WORDS ON WEALTH:
There has been a Covid-related surge worldwide in online share, derivative and forex trading by consumers, which warrants a grave reminder about the risks of such activities.
Evan Giannakis, the head of derivatives at Momentum Securities, says that current data indicates that more than 2% of equity trades in the US are trades of $2 000 (R33 469) or less – in other words, by small-time “consumer” traders.
Giannakis says there are a number of factors driving this phenomenon.
“Firstly, the US Federal Reserve has flooded the market with unprecedented levels of liquidity. Secondly, low-cost platforms such as Robinhood have opened up equity and derivative investing to a whole new segment of the population. Combine these with the fact that we are in an environment where sporting events have been cancelled, entertainment businesses are running at reduced capacity and people are sitting at home receiving government stimulus cheques,” he says.
Giannakis points out that half of Robinhood’s new customers this year said they were first-time investors, according to the company, and more than two million new accounts were opened in the first quarter.
I wonder how many of these first-time “investors” were fully aware of the risks before committing their money.
Take the tragic case of 20-year-old Alex Kearns. A few weeks ago, Personal Finance briefly reported on his suicide after he lost $730 000 trading on Robinhood. What has emerged since, making the case doubly heartbreaking, is that he had not lost that amount: the Robinhood app temporarily showed he was in the red, but the other side of the trade had not been settled.
If you are thinking of trading using one of these online platforms (it’s not investing if you’re speculating in the short term), you need go into it with your eyes wide open: you should only trade with money you are prepared to lose and be fully acquainted with each instrument’s characteristics and associated risks.
When you buy shares in a company, you become a part-owner of the company and share in its profits in the form of dividends. If the company goes belly up, you may, at worst, lose your entire investment, but that’s all you can lose. To limit your losses, you can make use of a stop-loss order, which directs the broker to sell at a certain point if the share price falls.
Some brokerage sites offer fractional shares – expensive shares are divided into smaller units to make them affordable to the consumer.
Although derivatives have the advantage that you can profit from a falling asset price, they are more risky than shares, because you don’t own the underlying assets and you can lose more than you invest. The most common derivatives on trading platforms are single-stock futures (SSFs), contracts for difference (CFDs) and options.
– SSFs: These are contracts that let you buy or sell shares at a fixed price on a future date. Standardised stock exchange contracts are for 100 shares in a particular company and they trade on a secondary market. Investors must deposit what is known as a margin, which should cover the maximum loss that may occur in a single day’s trade. At the end of each day, the exchange determines the closing price of its contracts and revalues your position. Any gains or losses are added to or subtracted from your account.
You don’t have to hold an SSF until its expiry date – you can “close out” your position at any stage, at which point you will be paid out the current value of the SSF less costs. The danger is that you can make (or lose) a large amount of money by committing a small amount (the margin), and thereby lose more than your original capital.
– CFDs: These are a related, newer type of share-based derivative that became popular in the early 2000s. A CFD is an agreement to exchange the difference in value of a particular share in the period between the opening and closing of the contract. As with SSFs, you put down an initial margin and a variation margin is added or subtracted daily. They carry the same risk that you can lose more than your capital.
– Options: These give you the option to buy or sell an asset on a certain date for a certain price. You are not locked in, as you would be with a futures contract, and can exercise the option, or not, depending on whether the price of the asset has gone your way or not. The counterparty in the transaction (the seller in the case of a trader who is buying, and the buyer in the case of a trader who is selling), however, is obliged to honour the contract.

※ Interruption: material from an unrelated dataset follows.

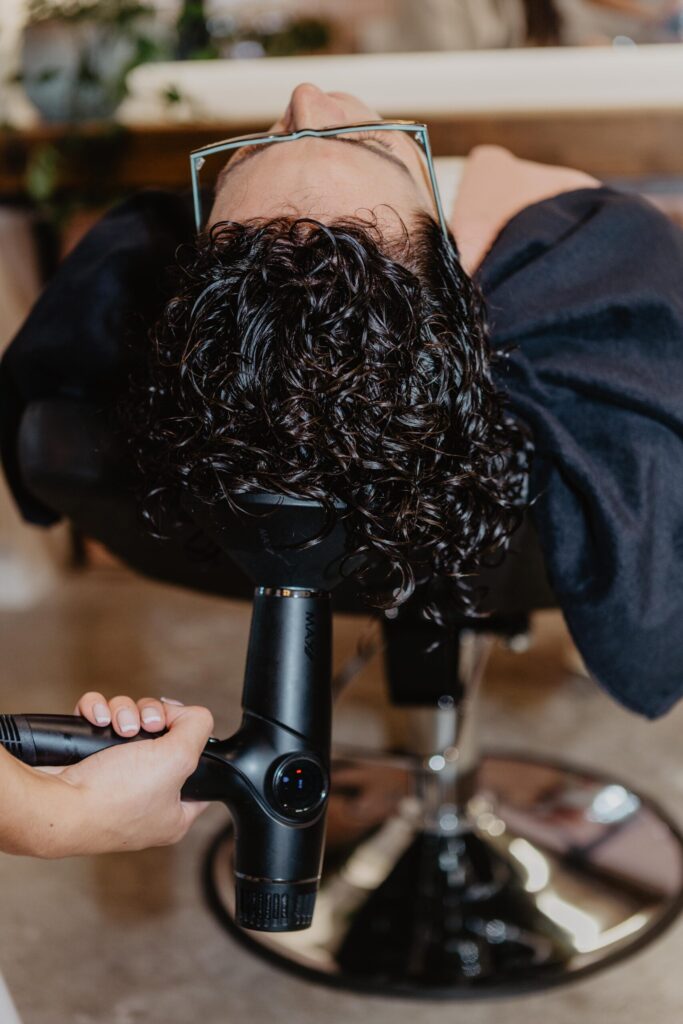 Foto van vrouw met krullen die wordt gestyled door een gecertificeerde krullenkapper van Salon Warrig in Sint Pancras.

You take out a “put” option if you expect the price of the underlying asset to fall, or a “call” option if you expect it to rise. Instead of depositing a margin you pay what is known as a premium, which is not refunded.

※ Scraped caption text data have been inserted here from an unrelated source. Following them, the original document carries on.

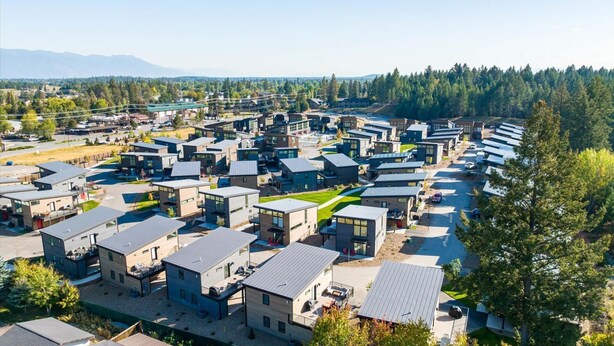 Un quartier résidentiel moderne caractérisé par des logements compacts, un espace vert central et un paysage de montagnes et de forêts en arrière-plan.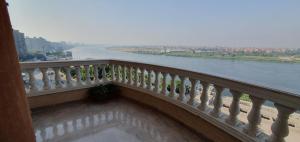 a balcony with a view of a river at Charming sunset,Panoramic Nile view & pyramid view in Cairo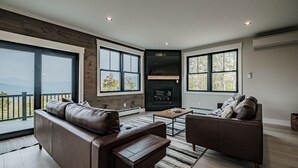 A modern living room with leather sofas, a fireplace, large windows, and a view of the outdoors. - Panoramic mountain view/Hot Tub/Shuffleboard/Theater room  Sunday River (Newry)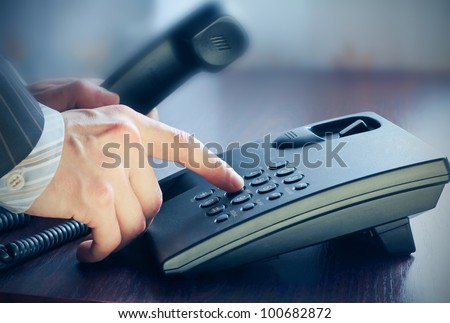 The businessman calling by phone.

Forex trading sites offer CFDs, not on equities but on currencies, including cryptocurrencies, such as Bitcoin. Not only do you take on the risk inherent in the derivative instruments themselves, but also that of the notoriously volatile foreign exchange market. Remember, you are not buying the underlying asset; you are only entering into a contract based on what the price of the asset will be in the future.

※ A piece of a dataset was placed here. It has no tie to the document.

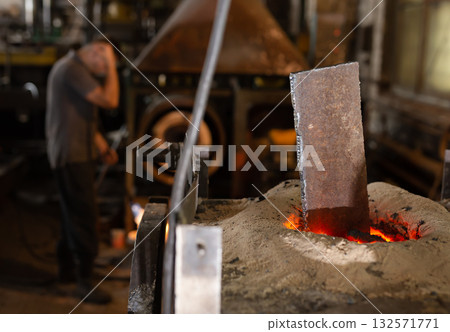 Foundry - ferrous metal is melted in an induction furnace of metallurgical plant Foundry - ferrous metal is melted in an induction furnace of metallurgical plant 132571771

Forex trading sites promote the idea that experienced traders can somehow read the forex markets. I suggest that such an idea is absurd – highly qualified, seasoned investment professionals find it almost impossible to predict the movements of equities, let alone currencies.
Some final advice from Giannakis: “Stay away from trading derivatives or using margin unless you’re an expert investor – or get help. Our advice to clients is to first and foremost fully understand the associated risks when trading derivatives on margin. Be clear on what you are trying to achieve, what your end goal is and, importantly, do not invest more than 15% of your portfolio in derivatives.”